# Any one starting BMQ Feb. 26 in St Jean



## nsm (11 Feb 2007)

Any one starting BMQ Feb. 26 in St Jean. Just got my call today! Anyone else going to be there? Going in as AVS.


----------



## md514 (12 Feb 2007)

nsm,

In reply to your post, I contacted my recruiter today and was told that I was merit-listed and that ("no promises") I should be getting my job offer by the end of the week. If all that plays out as planned I should be there on the 26th. 

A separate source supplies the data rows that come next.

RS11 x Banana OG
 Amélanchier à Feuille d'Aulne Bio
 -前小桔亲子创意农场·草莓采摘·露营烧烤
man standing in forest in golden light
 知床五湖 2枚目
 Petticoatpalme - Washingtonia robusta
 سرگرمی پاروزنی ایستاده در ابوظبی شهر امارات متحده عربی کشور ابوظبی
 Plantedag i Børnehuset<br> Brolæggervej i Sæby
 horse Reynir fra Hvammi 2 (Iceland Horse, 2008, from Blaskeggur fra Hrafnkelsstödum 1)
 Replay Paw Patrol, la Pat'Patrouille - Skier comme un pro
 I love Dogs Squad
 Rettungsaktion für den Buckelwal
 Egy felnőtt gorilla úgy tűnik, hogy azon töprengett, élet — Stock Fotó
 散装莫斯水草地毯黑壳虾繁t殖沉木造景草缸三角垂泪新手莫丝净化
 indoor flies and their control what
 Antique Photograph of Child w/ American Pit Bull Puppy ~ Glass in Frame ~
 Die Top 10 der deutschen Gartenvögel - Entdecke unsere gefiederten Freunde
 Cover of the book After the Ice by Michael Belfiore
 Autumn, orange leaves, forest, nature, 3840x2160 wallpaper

Trade was Infantry. I'm out of Windsor, Ontario.

w/b


----------



## SERenaud (13 Feb 2007)

I'm heading to Basic on Feb 26 - from Red Deer Alberta - ammo tech


----------



## kingroyce (16 Feb 2007)

I just got my call, I will be going on the 26th, leaving from Fredericton....Veh Tech


----------



## kingroyce (18 Feb 2007)

hey everyone,,i will be in basic on the 26th in st jean......add me to msn roystewart82@hotmail.com if your gonna be there


----------



## PatR58 (20 Feb 2007)

Yea guys, im starting on feb 26th in st. jean as well, im going full time Infantry, apparently ill be based in petawawa afterwards, 1st royal canadian regiment.


----------



## websurfer333 (22 Feb 2007)

i also start on the 26th. from Saskatoon - Infantry.


----------



## gnome123 (22 Feb 2007)

Do they pay for your flight their / already have it booked?  ??? 

If not im in trouble...  :-\


----------



## TAS278 (22 Feb 2007)

If you received your call and have filled out your paper work at the recruiting center then you should have your tickets 

If you don't have a ticket from the recruiting center then you aren't going.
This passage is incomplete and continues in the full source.